→ EXERCISE:
Word for word, copy the line that contains "Plantenbak Met Latwerk" and each line after it in the data below. Pictures stay out of the copy.
=== Begin Enclosure ===
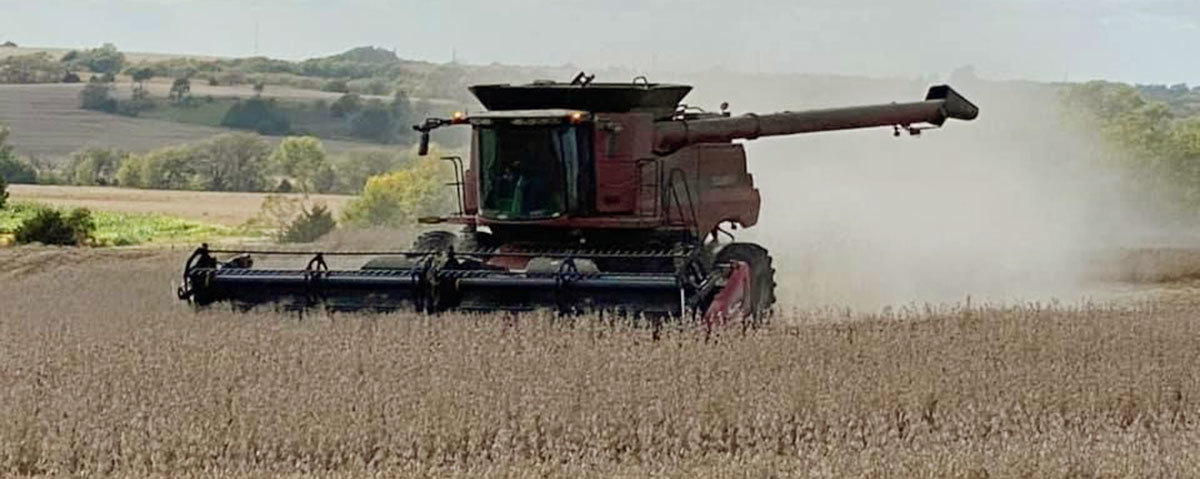 NVSS | Combine Harvesting Soybeans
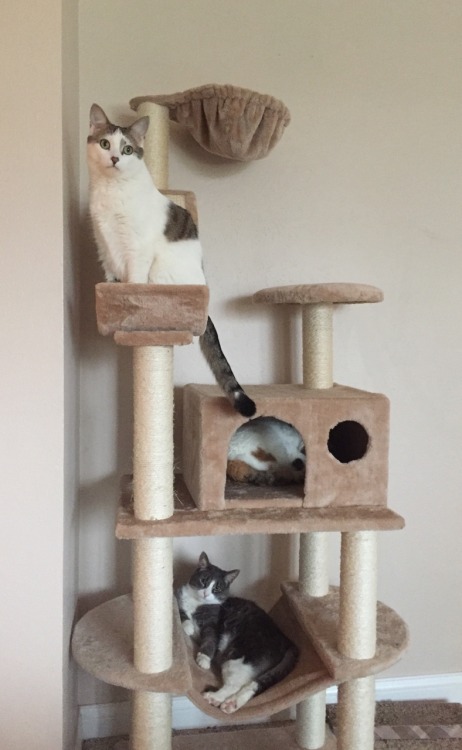 I think the kitties like their Christmas present (submitted by @wewilltry-again)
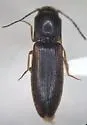 Dalopius insolens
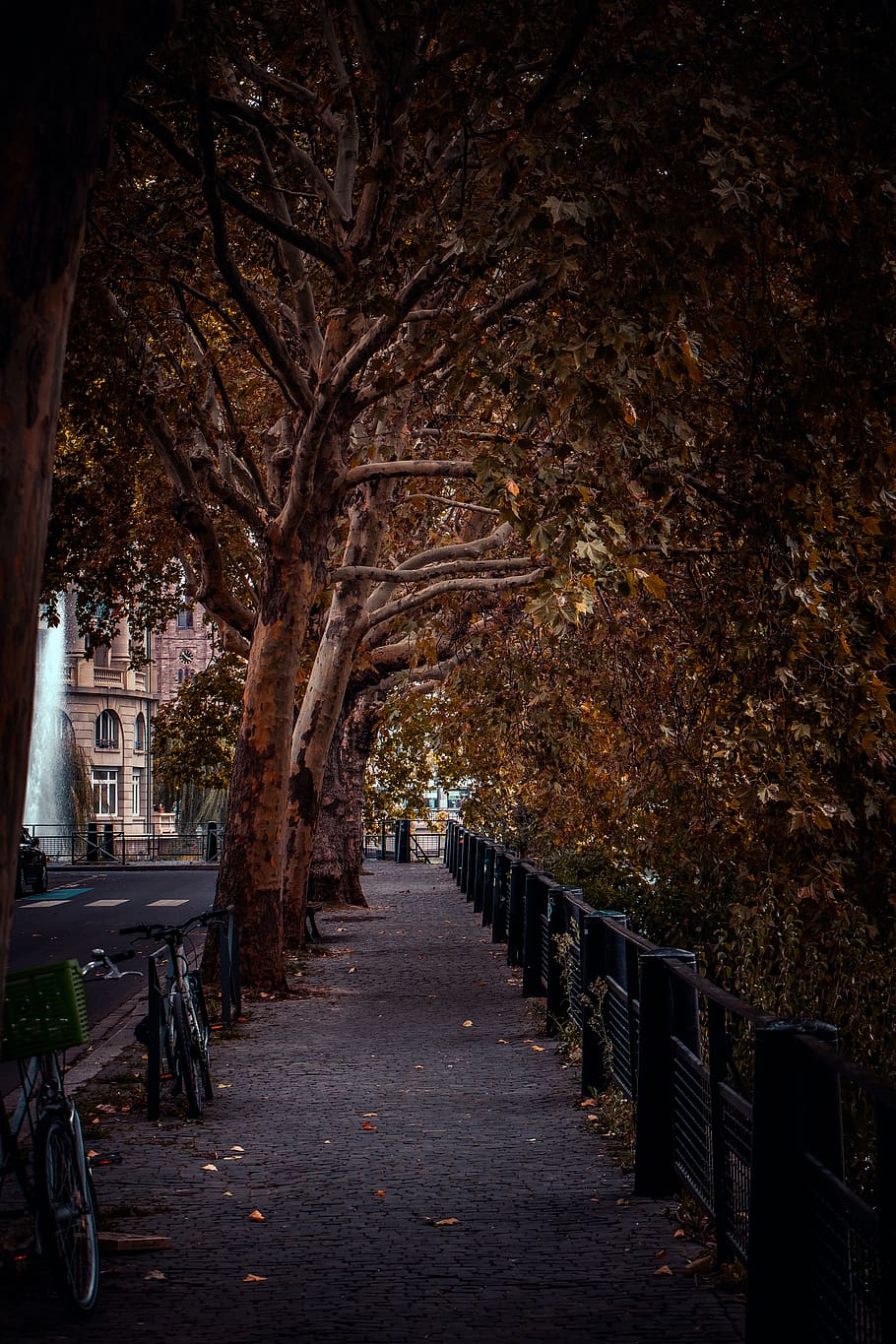 pathway near trees, direction, plant, the way forward, footpath HD wallpaper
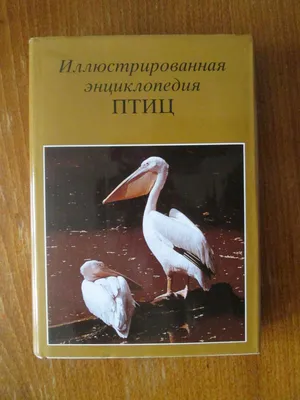 Птицы. Полная энциклопедия, Юлия Школьник | Доставка по Европе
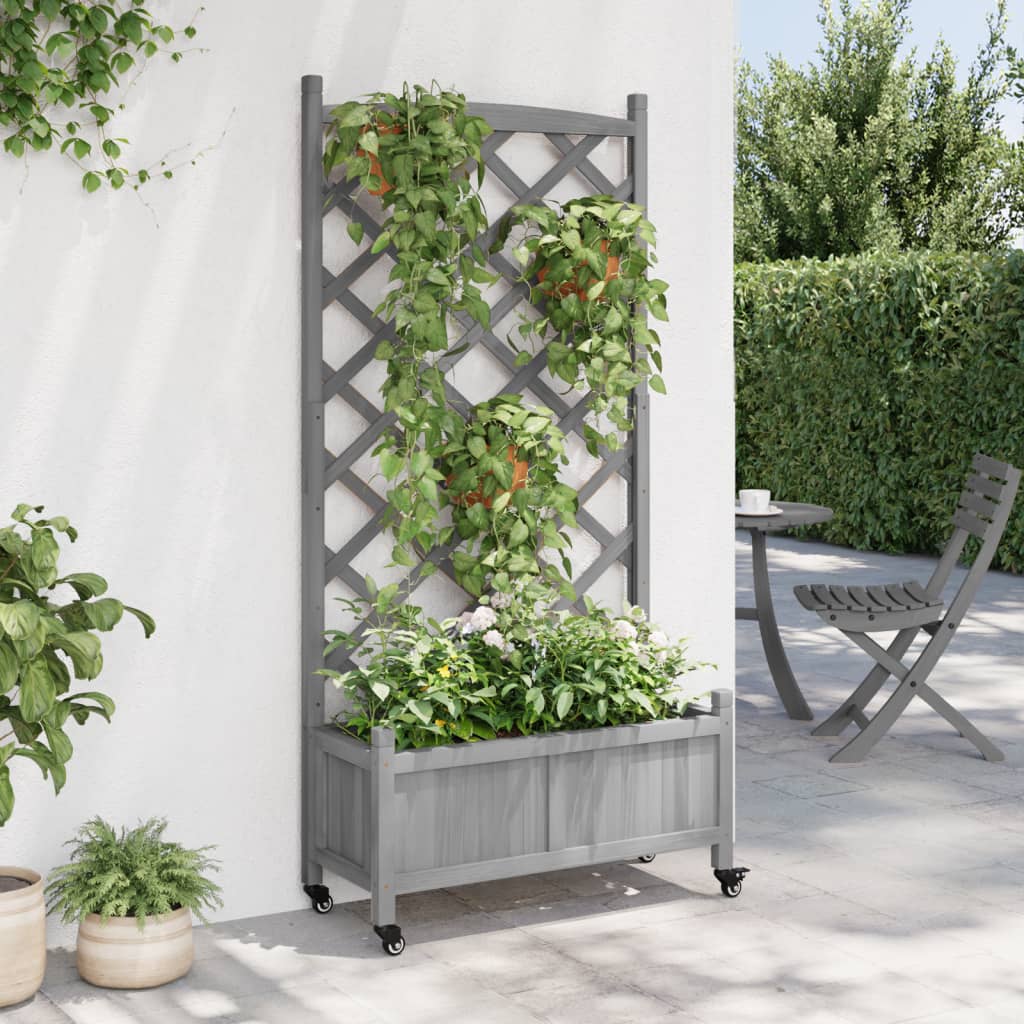 Plantenbak Met Latwerk En Wielen Massief Vurenhout Grijs 75 x 35 x 157.5 cm with trellis & wheels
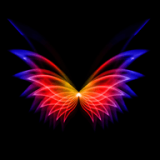 飞花动态壁纸最新版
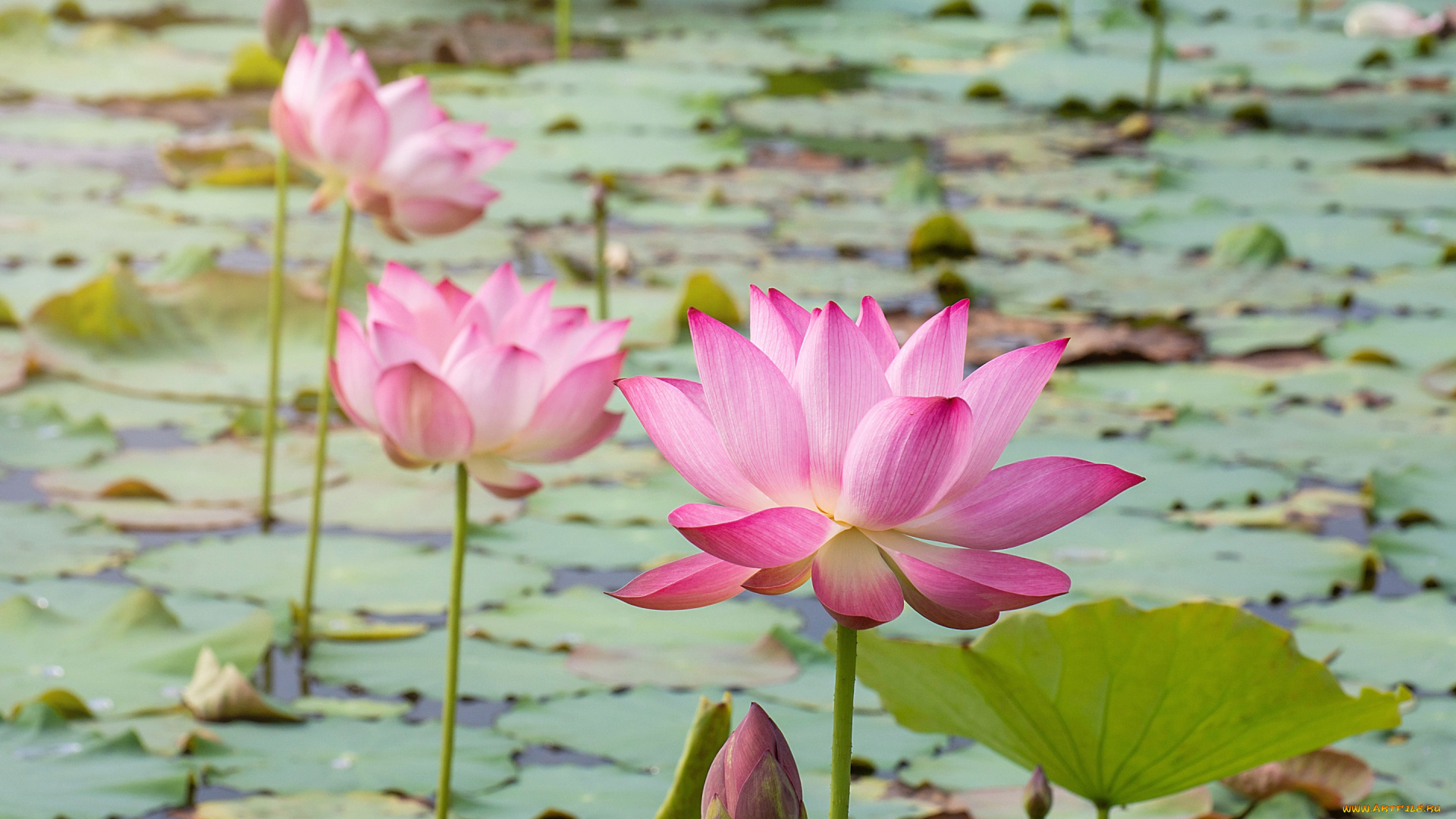 цветы, лотосы, лотос, бутоны, flowers, petals, lake, lotus, pink, розовый, озеро, waterlily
=== End Enclosure ===
→ EXPECTED ANSWER:
 Plantenbak Met Latwerk En Wielen Massief Vurenhout Grijs 75 x 35 x 157.5 cm with trellis & wheels
 飞花动态壁纸最新版
 цветы, лотосы, лотос, бутоны, flowers, petals, lake, lotus, pink, розовый, озеро, waterlily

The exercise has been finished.